The rainy season (southwest monsoon) runs from June to November. The dry season (northeast monsoon) is December through to April.
The large majority of liveaboards do not operate during the rainy season.
As explained in the introduction to this region, some atolls offer the possibility to encounter certain marine life according to the season. The most important thing is to choose your holiday location based on these seasonal variations.
The vast majority of hotels and resorts are serviced by hydroplanes and speedboats. Although these are costly, the transfers are quick and generally very well organised.
The central region of the Maldives is the most developed in terms of tourism; so much so that in some atolls there are more hotels than inhabitants. The majority of liveaboards remain in this area of the archipelago. Over the last few years many guesthouses have sprung up but the price and quality of this type of accommodation varies greatly.
Although it is fair to say that it is difficult to find reasonably priced accommodation in this region, the Maldives does offer almost every standard of hotel available from basic island living to luxury hotels offering underwater restaurants, and of course private yachts etc.
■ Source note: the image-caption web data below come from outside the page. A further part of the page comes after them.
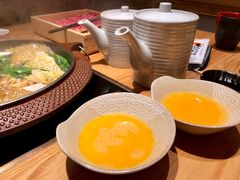 -锅物新语&寿喜烧.炉端割烹(世博源店)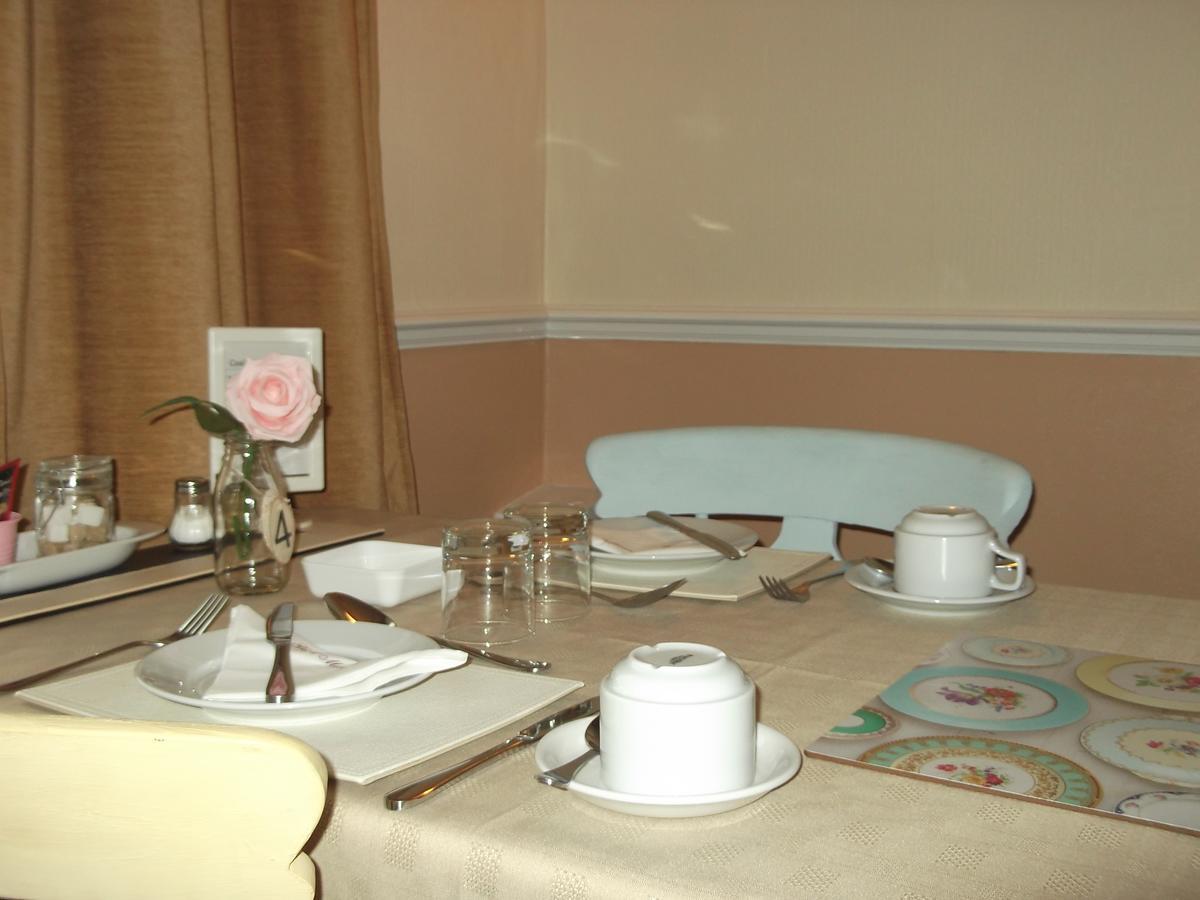 Kirkcroft Guest House Gretna Exterior foto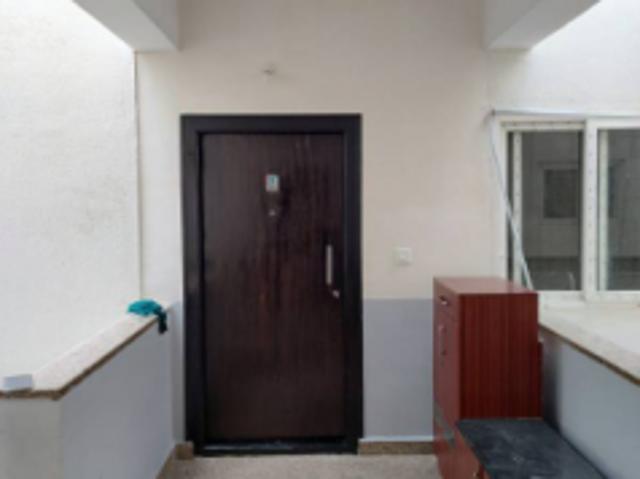 Flat for rent in Bangalore North, Cox Town - Bangalore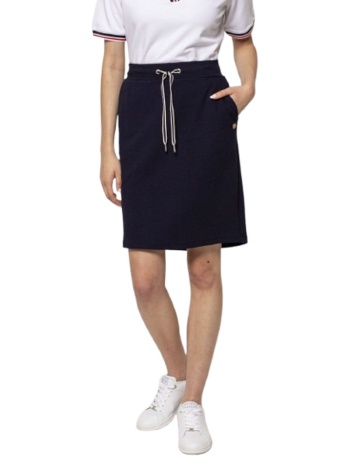 γυναικεία nakra φούστα navy μπλε heavy tools t49004-navy
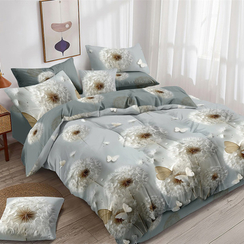 Поплин "Пакистан-принт №30" | ш.220 см | 110 г/м² | хлопок-100%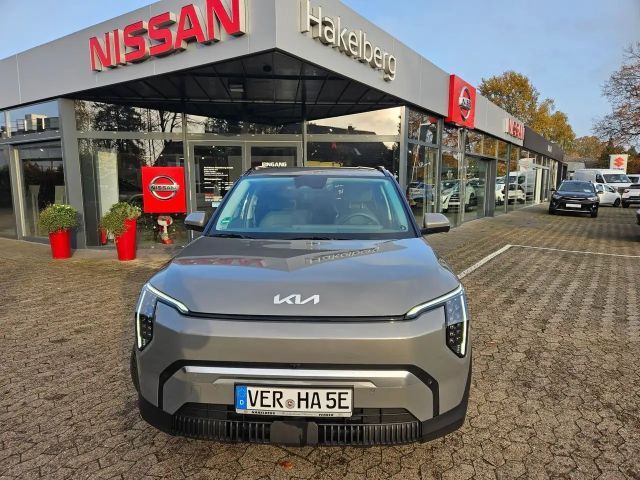 Kia EV3 58.3 kWh Earth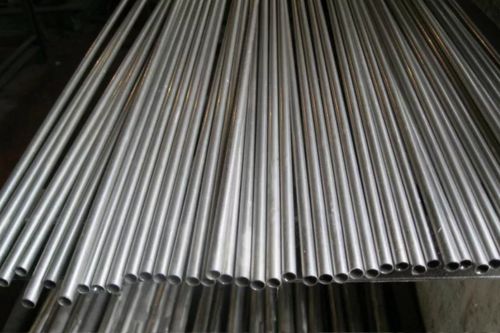 Hastelloy Mechanical Tubing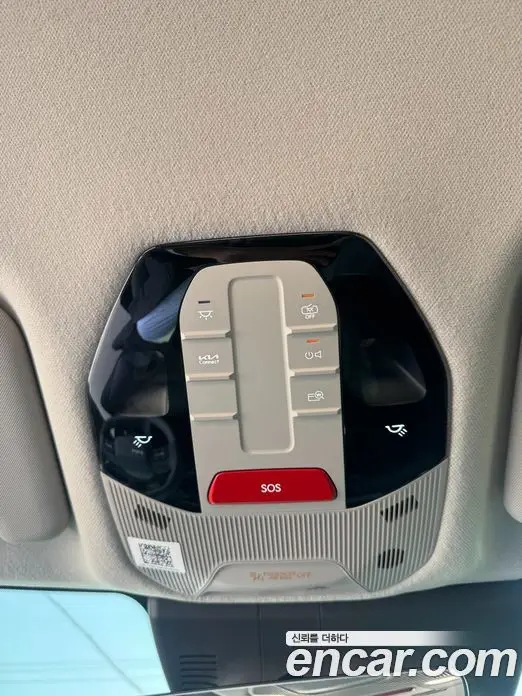 Kia Seltos 2026 1.6 автомат (гидро), фото 17 Kia Seltos 2026 1.6 автомат (гидро), фото 17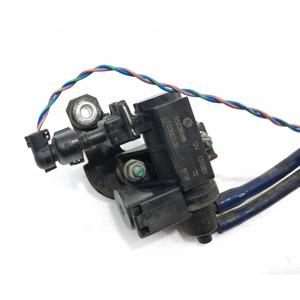 Vanne solénoïde de turbine FIAT Panda 4X4 Série (319) 55228986 312A2000 Bifuel/Méthane 900 (12>) - Product Image 4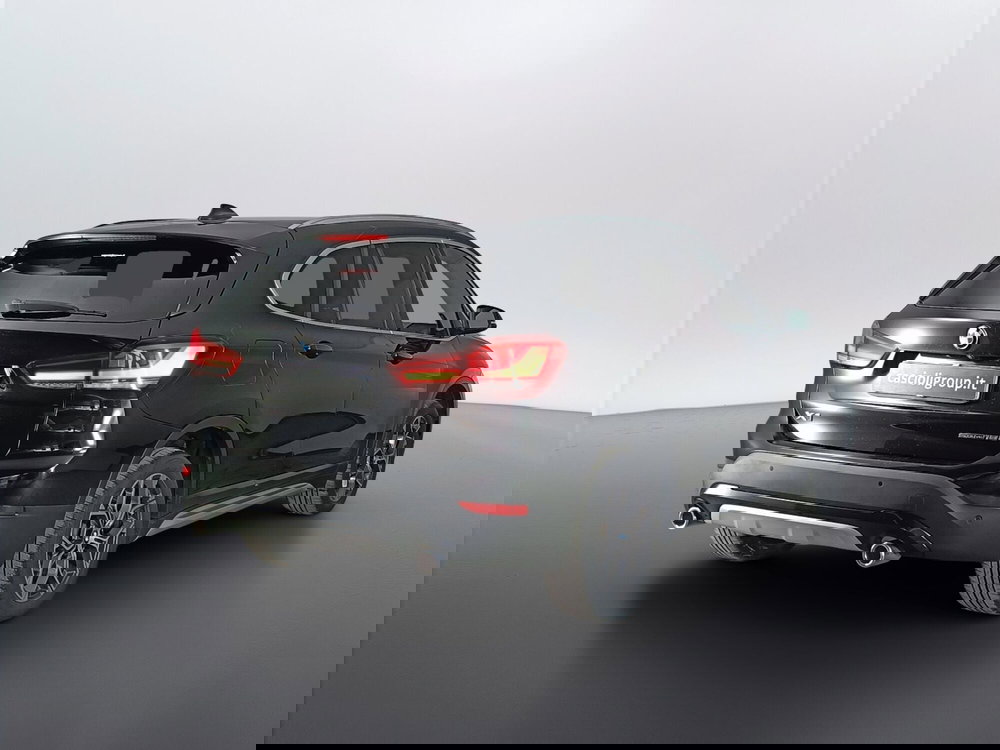 BMW X1 usata a Ascoli Piceno (4)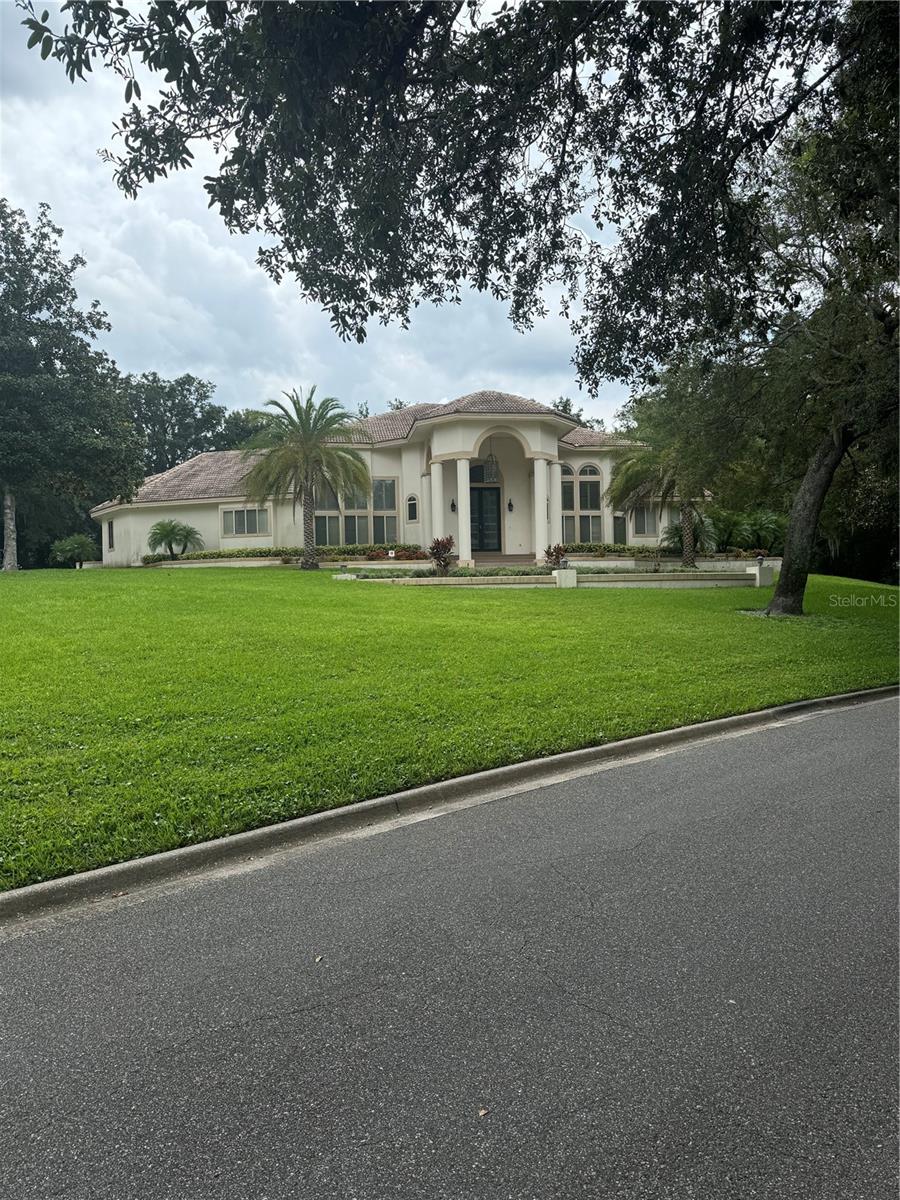 Photo of 1040 SWEETWATER CLUB BOULEVARD LONGWOOD FL 32779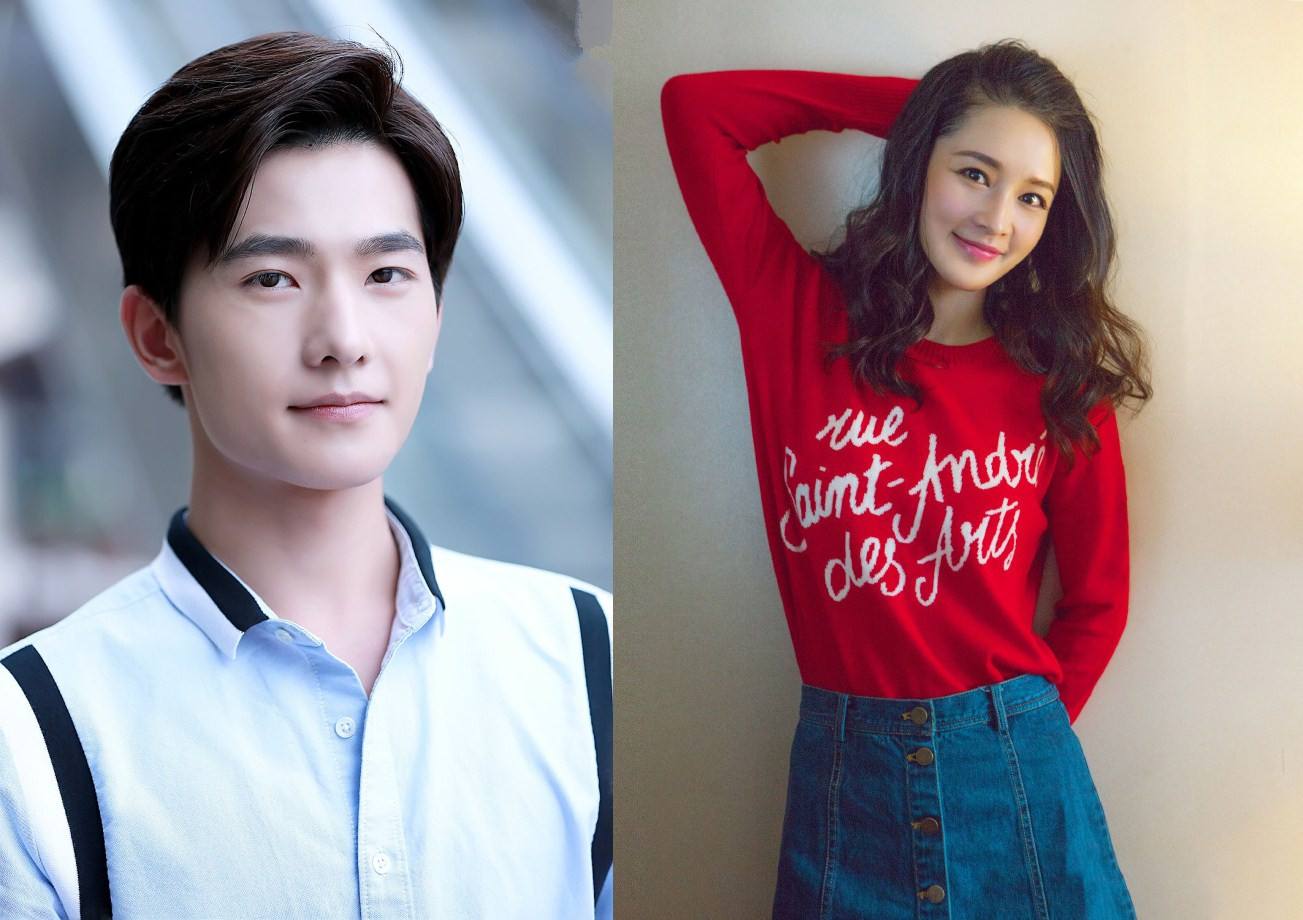 李沁为什么叫陈赫哥哥？李沁有没有整过容站(李沁真的喜欢陈赫)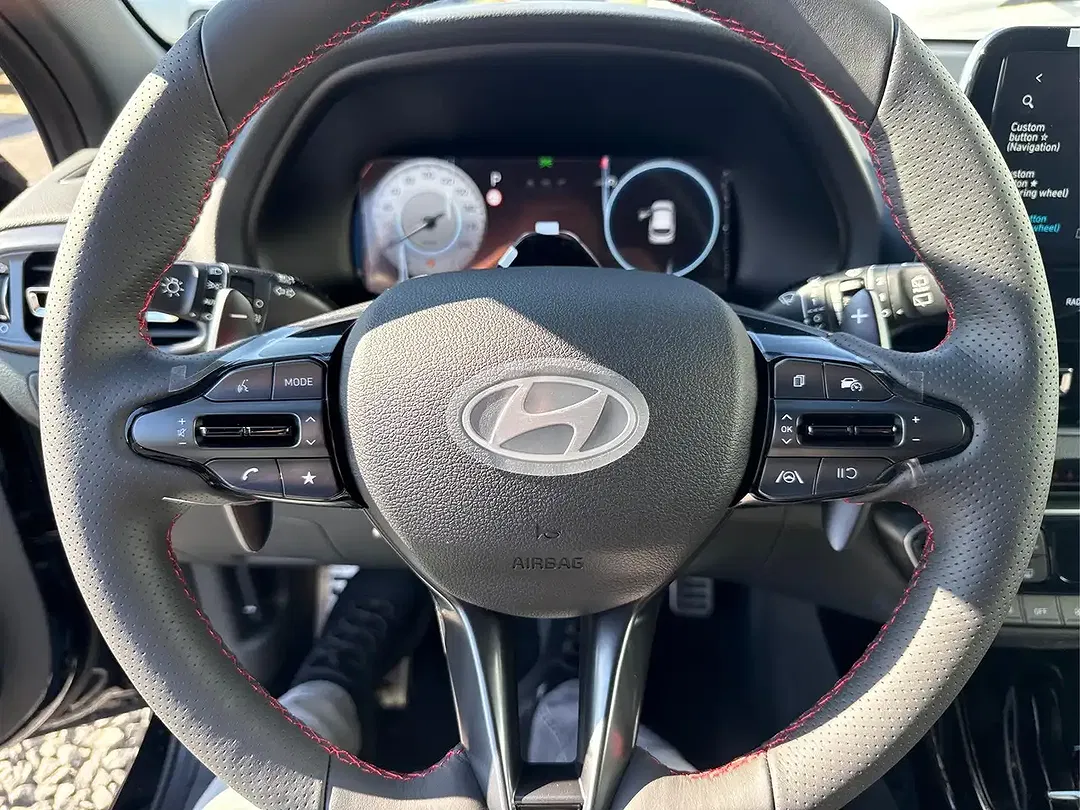 Hyundai i30 - Thumbnail 12
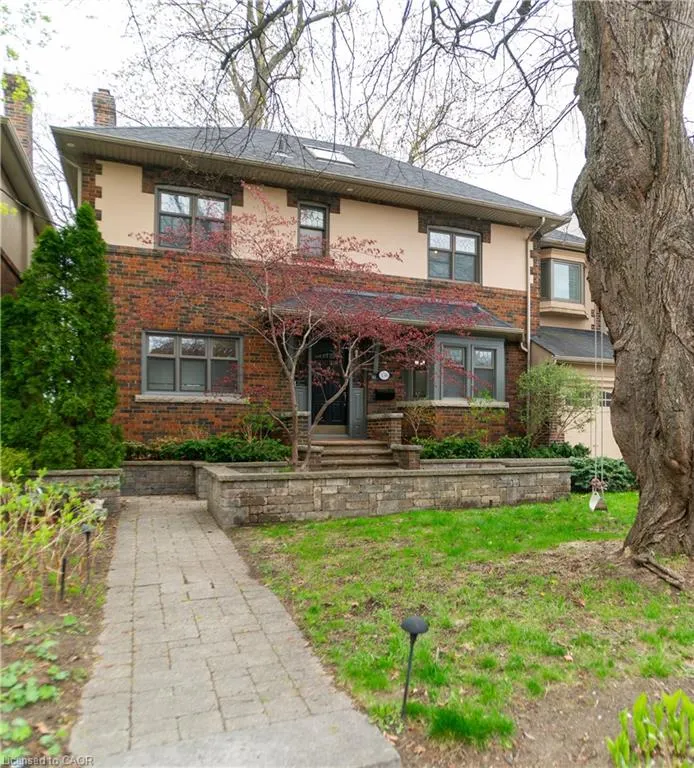 136 Humbercrest Boulevard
The central region is home to some of the most amazing dive sites in the Maldives archipelago. Although the choice of site is varied, the most popular sites are often overcrowded and the sheer number of divers can lead to damage which nature can hardly find the time to repair.
In this region there are many sites which are accessible to all levels of diver, although some pinnacles and channels are reserved strictly for the experienced diver who is familiar with diving in currents.
This region offers something for everybody, from the tiny Halimeda Ghost Pipefish to Manta Rays and of course Whale Sharks. The variety of species alone makes this region one of the richest dive areas you will experience; although to discover the rarest of these species such as the Giant Oceanic Manta Ray (Manta birostris) or even the rare Nudibranch (which is generally found in other parts of the world) you need to explore the northern and southern extremities of the area. You can see the variety of species on offer in the Maldives underwater photo gallery.
Although some sites are an exception to the rule, the central region is the victim of its own success. The density of divers is high and especially in the most popular sites which are frequented by liveaboards.
The dive centers based on the Maldives Islands generally have the best understanding of the sites close to their location. As always the liveaboards offer a unique freedom to visit the atolls and can adapt to the most suitable dive times. Guest houses offer a range of experiences.
As is the case all over the archipelago, hotels and resorts in the Central region offer numerous activities such as sailing, fishing, visits to the Capital etc.